TREVOR NOAH RETEAMS WITH M-NET

Monday, December 8, 2014

REVIEW. The Librarians on The Universal Channel a dull, missable rehash of Relic Hunter, Tropical Heat and Stargate SG1.


If you've watched syndicated shows like Relic Hunter, Tropical Heat and Stargate SG1 you've already done your TV homework and you can skip the dull and mostly missable The Librarians starting tonight on The Universal Channel (DStv 117) - you've already seen what you're going to see.

Probably the most commendable thing about it all from Universal Networks International (UNI) is that its bringing The Librarians to South African and African viewers on MultiChoice's DStv satellite pay-TV platform just a day after it started in America on TNT.

However, TNT showed the first two episodes of The Librarians last night in America and South African viewers will only get to watch the first one with Noah Wyle (who will, by the way, only be making guest appearances), while Rebecca Romijn picks up the slack in this new TV series franchise based on his former tele-movie series.

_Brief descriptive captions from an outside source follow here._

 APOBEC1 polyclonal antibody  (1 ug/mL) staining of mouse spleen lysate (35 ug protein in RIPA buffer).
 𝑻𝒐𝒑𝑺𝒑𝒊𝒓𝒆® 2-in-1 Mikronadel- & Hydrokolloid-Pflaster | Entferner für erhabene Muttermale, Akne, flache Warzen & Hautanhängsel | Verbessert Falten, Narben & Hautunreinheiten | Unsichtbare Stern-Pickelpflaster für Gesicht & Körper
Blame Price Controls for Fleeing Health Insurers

Having watched the first two episodes of The Librarians this afternoon the word that comes to mind is ... pedestrian. 

Noah Wyle is much better is FOX's Falling Skies than his over-the-top Indiana Jones caricature in The Librarians and Rebecca Romijn was better in Ugly Betty and King & Maxwell .

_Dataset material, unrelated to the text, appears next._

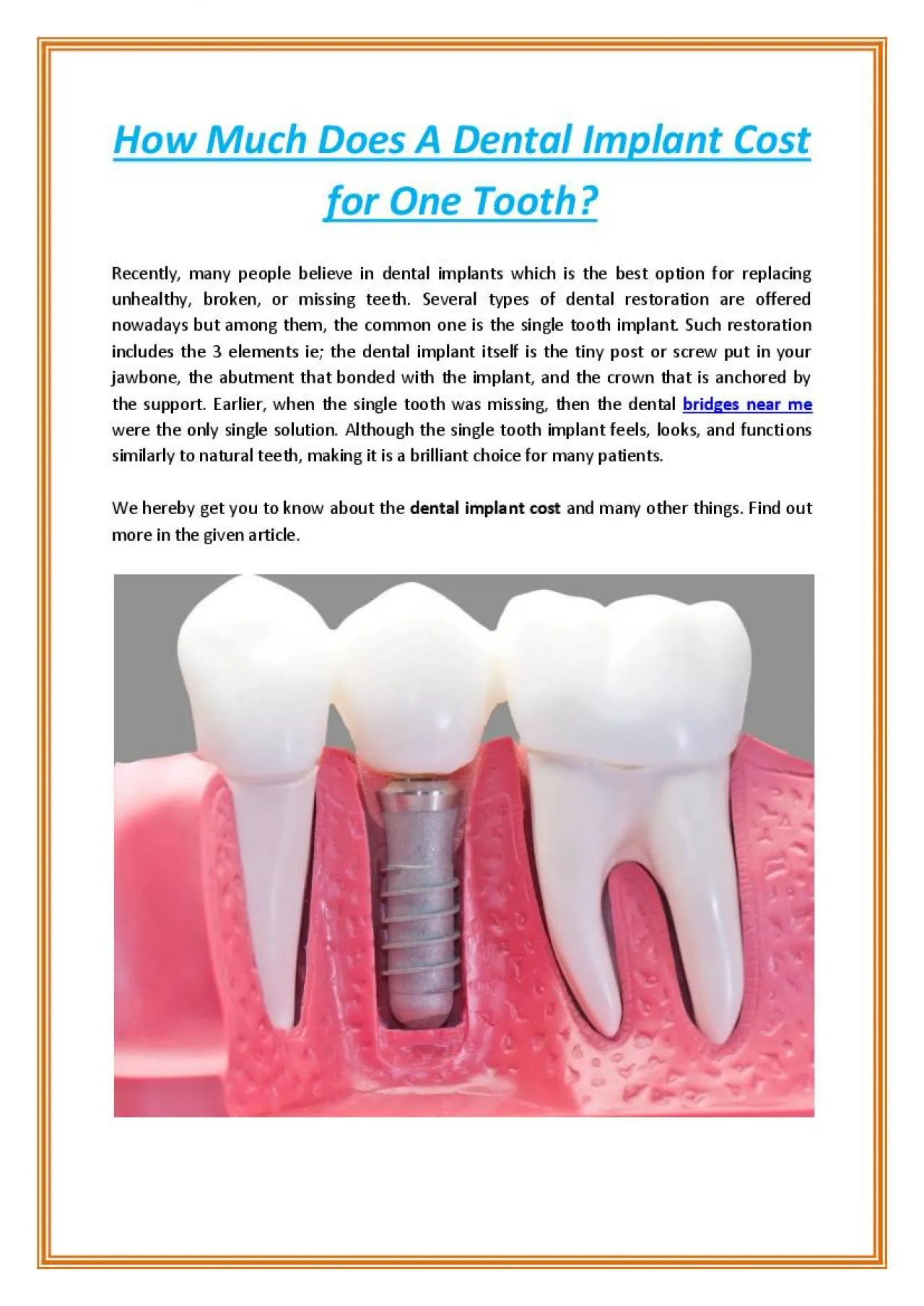 PDF-How Much Does A Dental Implant Cost for One Tooth?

In this series in the role of Eve, she takes over from Noah Wyle's character to become a guardian of the "librarians" who try to recover ancient artifacts, solve arcane mysteries and fight against the evil society known as the Serpent Brotherhood.


If you've followed the Da Vinci Code-esque Zero Hour, you'll be familiar with the cut-and-paste pattern The Librarians is clearly using. It's Sanctuary all over again in a been-there, done-that series.

Remember the repository of magical, secret objects in Da Vinci's Demons under the Vatican of last year? You'll start yawning when within 10 minutes into the first episode Rebecca Romijn also takes an elevator mechanism down to a similar place below the Metropolitan Public Library.

Basically every single scene, every plot device and every line in The Librarians is derivative of something you've seen before - either decades ago like when history professor and explorer Sydney Fox did it, or in other current TV series.

Childish Noah Wyle comes across like dwarf Simon McKay in the 80s fantastical kid show The Wizard. Yet the problem is that The Librarians isn't aimed at kids but adults. Sword fighting in an underground library with Excalibur the sword? Really?

The Librarians on The Universal Channel feels hokey ... because it is. 

Starting it as a new TV show during December when TV viewers neither care nor are really aware, nor have the energy to bother isn't going to do it any favours.

Happily hop along and don't bother watching. The Librarians on The Universal Channel is a TV book you've read numerous times already and can recite in your sleep. 

There's nothing to miss, nothing worth watching, and nothing that Tia Carrere didn't do better more than a decade ago.